作成日:2026/03/06
租税特別措置の適用実態調査の結果に関する報告書 財務省
令和6年度適用実態調査として、「租税特別措置の適用実態調査の結果に関する報告書」が今国会(第221回)へ提出されています。
○租税特別措置の適用実態調査の結果に関する報告書(令和8年2月国会提出)
概要は、以下のとおりです。
- 適用額明細書の提出があった法人数:1,517,466 法人(前年比2.3%増)
- 項目数は78項目→76項目へ減少したものの、延べ件数は3.9%増の2,513,286件
- 法人税率が軽減される特例の適用件数が110万を超え(1,110,966件)、適用額も4兆7千億円を超えた(47,129億円)
- 30万円未満の少額減価償却資産の特例は適用件数が669,306件、適用額は3,847億円といずれも3年度連続増加
- 中小企業倒産防止共済掛金の特例(特定の基金に対する負担金等の損金算入の特例)については、適用件数がほぼ30万の295,521件、適用額は3,000億円を超えた(3,125億円)
- 賃上げ促進税制は、適用件数が30万件近く(294,287件、前年比15.6%増)、適用額は1兆円に迫る(9,560億円、前年比31.3%増)
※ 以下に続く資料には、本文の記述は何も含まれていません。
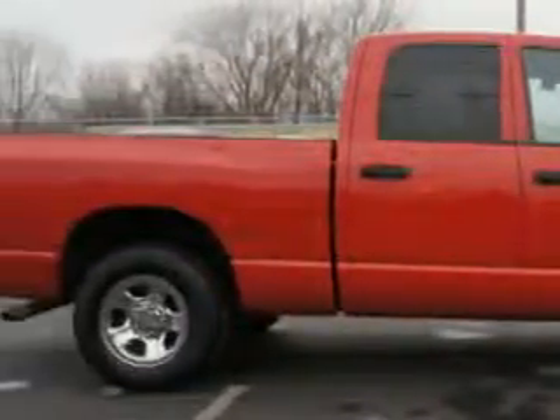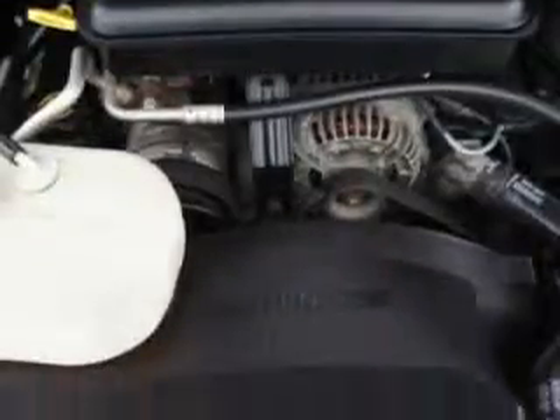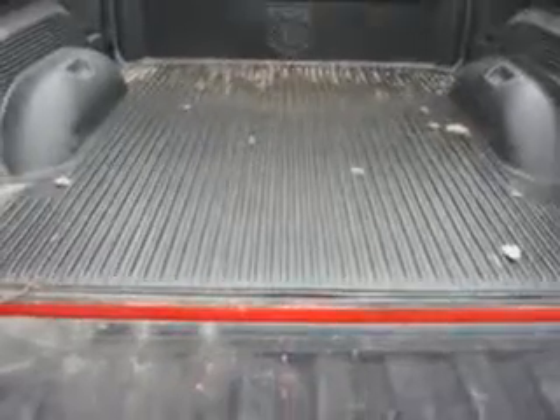Rear bench seat, audio cassette player, in-dash CD player, and much more. Get where you need to go, enjoy the drive, and have peace of mind in this 04 Dodge Ram 1500. See us at Riverside Autoplex of Muscogee today.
適用件数はそれほどでも適用額が多いのは、試験研究費(一般型)の税制(9,586億円)の他、外国株価指数連動型特定株式投資信託以外の特定株式投資信託の収益の分配の額の特例(特定株式投資信託の収益の分配に係る受取配当等の益金不算入の特例、14,609億円)、特定目的会社に係る課税の特例(11,799億円)、投資法人に係る課税の特例(8,746億円)になります。この他、総額ではそれほどでもないが、1件あたりにすると適用額が高いものがありますが、特定業種であることから、ここでは割愛します。
令和8年度税制改正により、30万円未満の少額減価償却資産の特例は40万円未満になる予定である他、賃上げ促進税制は縮小予定で、特に中小企業にとっては、美味しい教育訓練費の上乗せが会計検査院の指摘で廃止され、試験研究費税制も見直される予定です。
今回の報告書は、2024年(令和6年)4月1日から2025年(令和7年)3月31日までの間に終了した事業年度において適用を受けたものの集計となります。次回の報告書では、まだこの税制改正の影響を受けないことから、今般予定されている税制改正の影響は、次の次で判明することになりそうです。